Controversy in 2001, 2009

On the edges of the 2001 meeting and during a parallel conference held by NGOs, some representatives gave anti-Semitic and anti-Israel speeches accompanied by inflammatory signs and pamphlets.

Some African countries - led by Nigeria and Zimbabwe - and African-American NGO's wanted individual apologies from countries responsible for slavery, recognition of it as a crime against humanity and the payment of reparations.

At an April 2009 conference held in Geneva, called Durban II, Iranian President Mahmoud Ahmedinejad attacked the Israeli government, calling it a racist regime.

Despite these incidents, the German Institute for Human Rights thinks Berlin is making a mistake in boycotting Thursday's session.

Petra Follmar-Otto, who heads the institute's human rights department, says Germany's withdrawal from the conference is regrettable, since the recognition of racism as a human rights problem is important for establishing Germany's credibility when it comes to human rights.

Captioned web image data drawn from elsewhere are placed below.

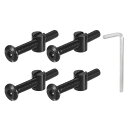 uxcell 4個セット 六角ソケットヘッドボルトバケットナット M6 x 50mm ソケット家具ベッドボルトバケットナットとレンチ 椅子やベッド用 黒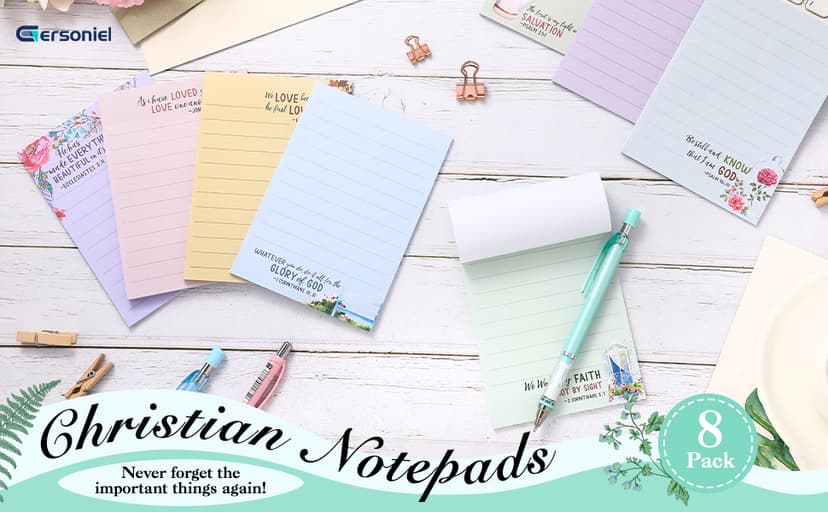 8 Pack Christian Sticky Notes Samll Scripture Inspirational Memo Pads Floral Design Adhesive Religious Bible Verse Quotes Notepads for Writing Diary Lists Schedules, 4 x 5. 5 Inch(Fresh Style)
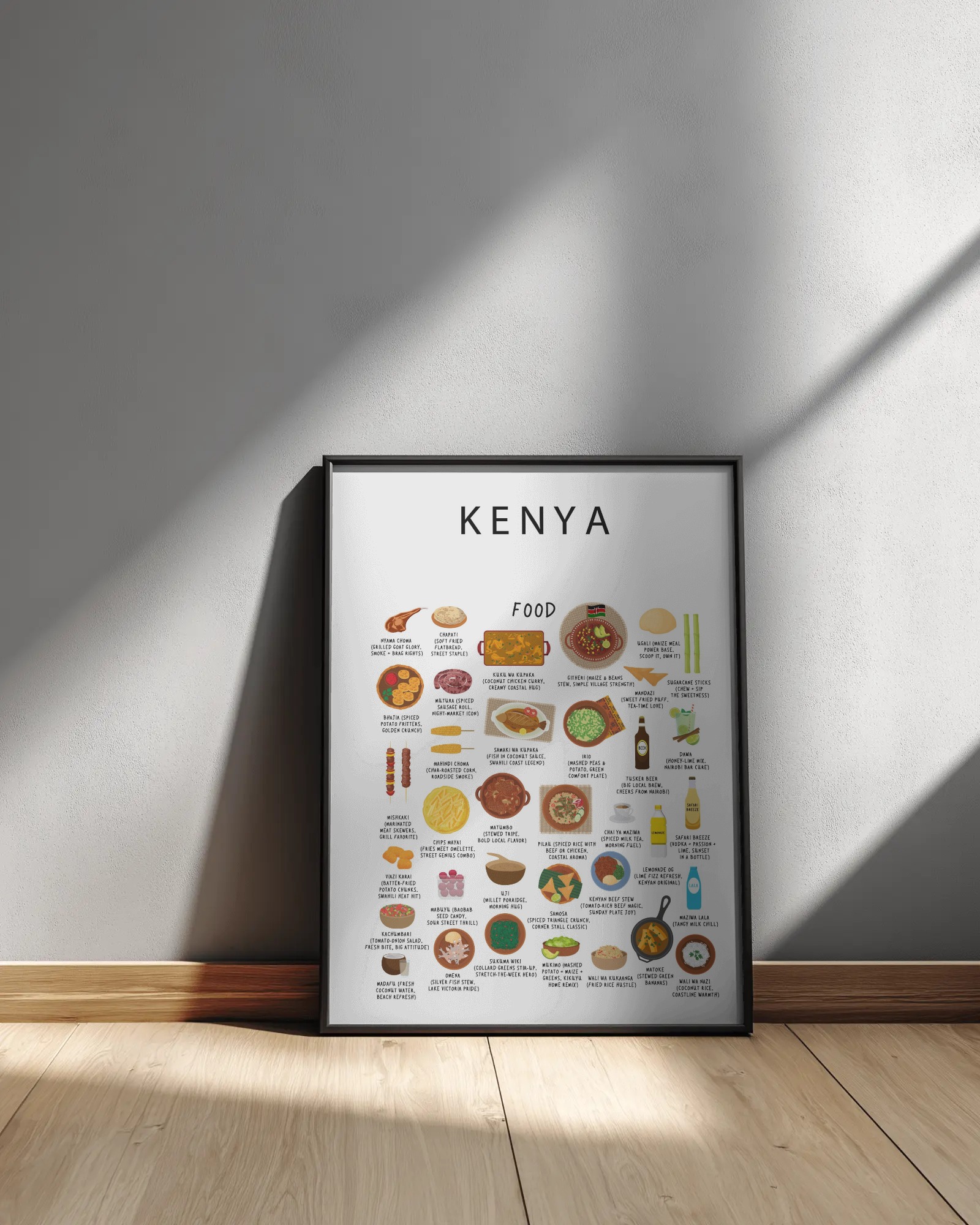 White Kenya food poster in a black frame leaning against a sunlit plaster wall on oak flooring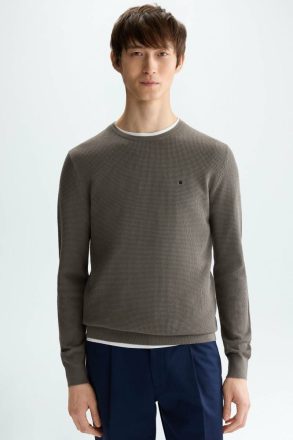 Textured Pima Cotton Sweater Purificacion Garci Khaki Men Knitwear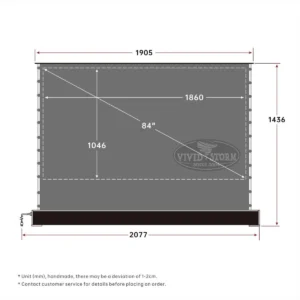 Màn chiếu điện để sàn VIVIDSTORM S 3D ALR – bản vẽ kích thước 84 inch
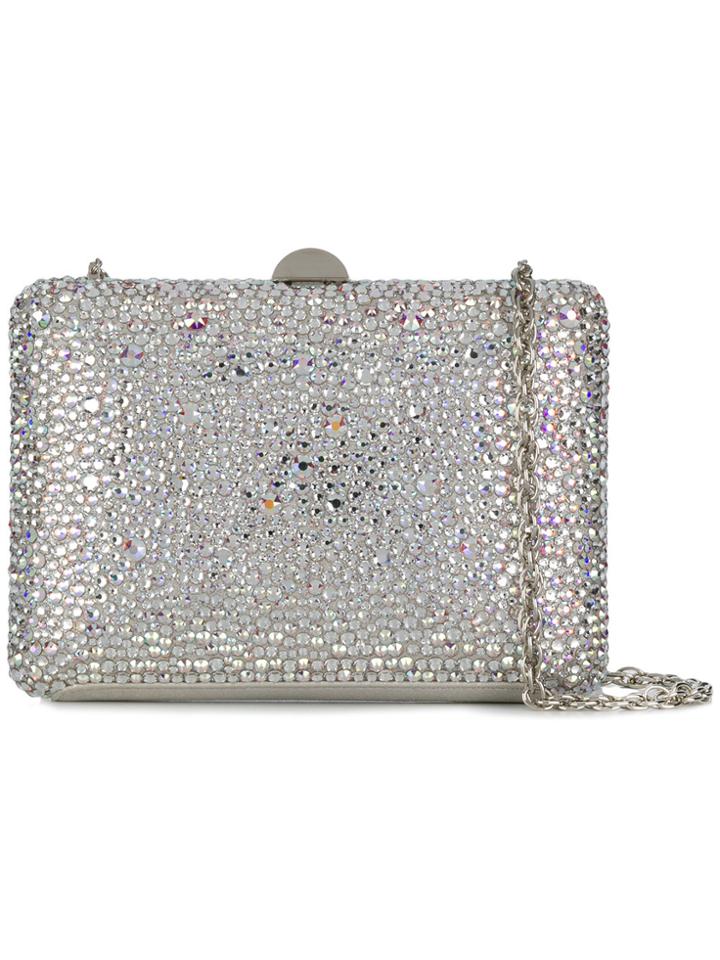 Rodo Crystal Embellished Box Clutch - White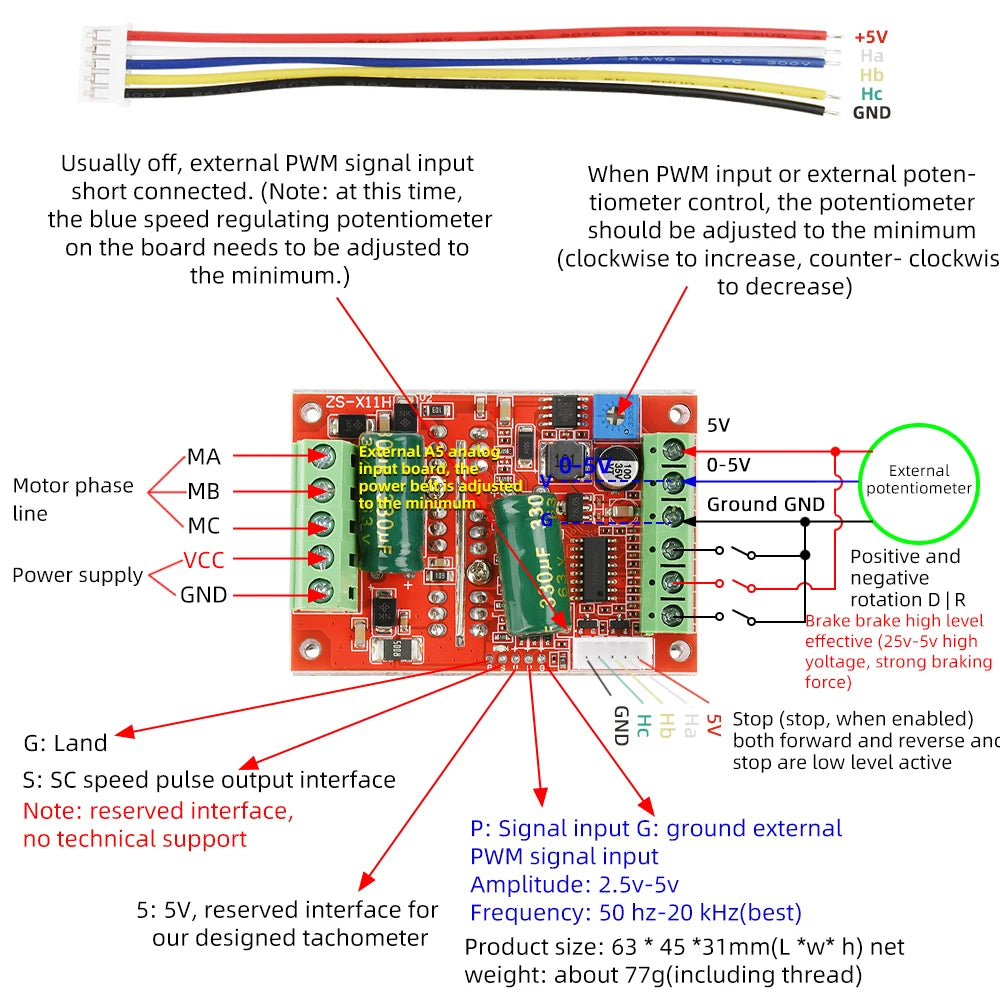 ZS-X11H V1 DC 6-60V 400W BLDC Three Phase DC Brushless Motor Controller Mini PWM Hall Motor Control Driver Board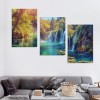 Lake Water Pictures Canvas Wall Art for Living room Bedroom Wall Decor,Waterfall Wall Art Print Paitnings for home Decor,Morden Artwork Sunset Tree Canvas Art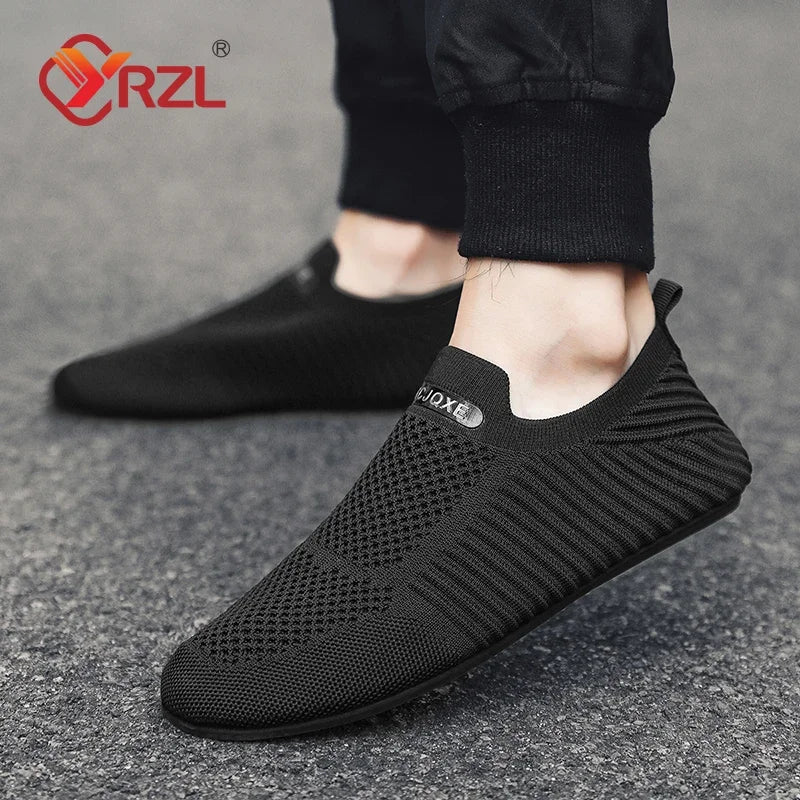 YRZL-mocasines de conducción suaves para hombre, zapatos planos de alta calidad para caminar, mocasines informales de malla transpirable, sin cordones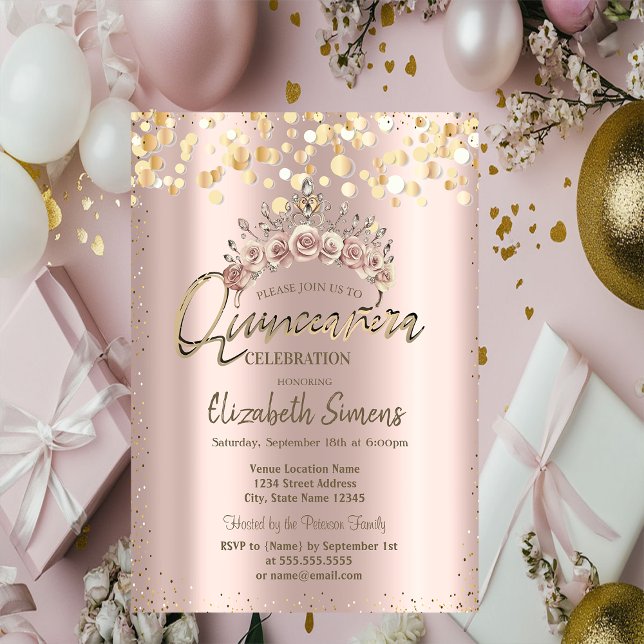 Chic Gold Dots, Floral Tiara Quinceañera  Invitation (Creator Uploaded)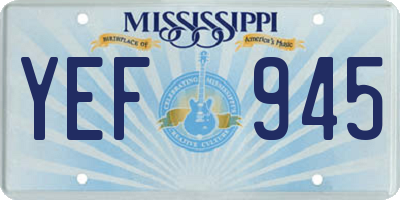 MS license plate YEF945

But Berlin has been under pressure from Jewish organizations which have used to events in Durban and Geneva, according to critics, to launch a systematic campaign to discredit the UN's anti-racism program

Leading groups in this effort include the American Jewish Conference and the allegedly independent UN Watch, an NGO founded by the AJC. To AJC Director David Harris, Thursday's session in New York is nothing more than "the tenth anniversary of an anti-Israel, anti-Semitic hate fest."

Wrong strategy?

However, others say groups like the AJC are working under false assumptions, including the final document from the Durban conference.

"If critics had taken the trouble to read the final documents from the Durban conference they would have seen that its expressing said there that the Holocaust should never been forgotten," said Navi Pillay, the UN High Commissioner for Human Rights.

Another section addresses the suffering of the Palestinians and their right to self-determination, while calling on security for all nations in the region, including Israel.

But that has failed to move the German government and decided instead to leave the stage in New York to Iran's Ahmedinejad, just like in 2009 in Geneva.

That is unacceptable to Willy Wimmer, a conservative German parliamentarian and member of the foreign affairs committee, especially given the character of the United Nations. He told Deutsche Welle that instead of boycotting an event because of "crude" images and speeches from some UN members, Germany should push back against poisonous invective with a vocal dissent.

Germany's own record

In fact, Germany's general human rights track record has been the target of criticism from people in the field.

"Racial discrimination is considered a normal part of everyday life," said Nuran Yigit, who heads the Anti-Discrimination Network in Berlin, especially by non-white immigrants. While Berlin has a network in place that offers counselling, layers and psychologists to victims of discrimination, in many parts of Germany, people have nowhere to go.

Germany did come up with a national action plan after the Durban 2001 conference, but the outcome has been meagre, observers say.

"(The plan) contains measures that Germany would have put in place anyway and is not very results-oriented," said human rights expert Follmar-Otto.

In New York, many fear that the Durban III meeting will descend into yet another mud-slinging match over anti-Semitism and Israeli settlement policies and could serve as a positioning strategy ahead of the General Assembly on Friday.

On that day, the application by the Palestinians for UN statehood recognition is on the agenda.